I’m guessing the homeowners are big fans of Dr. Seuss or their landscaper tried really hard to get the shrub tiers straight, but it didn’t end well. This reminds me of my Momma trying to cut my bangs straight and I would hear “oops” and she would go back to the side of my head and try again, and again, only to stop when my bangs were only 2 inches long. It did grow back. If this is your landscaper, stop them. There are correct ways to get an exact cut.

  • Take string and a ruler and measure the string for each level’s height of the topiary. Tie the string to the top and hang down to the ground. Take your pruners and clip very lightly where the string (don’t clip the string) is marked. Then take your level and balanced in into the shrub and cut the foliage along the balanced level. Eyeballing isn’t a good idea.

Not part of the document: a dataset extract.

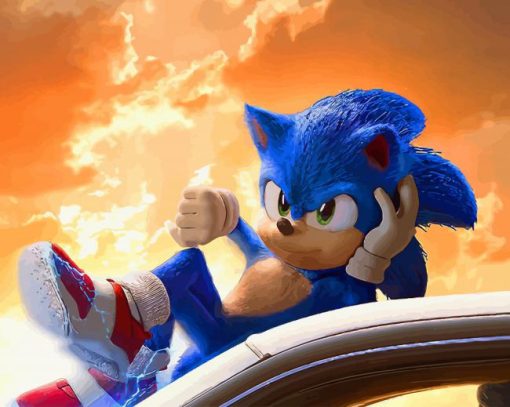 Sonic The Hedgehog movie paint by number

  • You can also take a ruler and just measure between the tiered foliage to get exactly the height you would like.

  • Clip very lightly. This is not a job that needs a pole saw trimmer, but small hand pruners. And it should take you more than 3 minutes to prune 3 shrubs.

If you like the Dr. Seuss theme, go for it. But think about adding garden art to your beds, or large colorful orb or whimsy, so it looks like it’s a deliberate magical garden theme. If your landscaper is having “oops” moments, it’s time to find a new landscaper.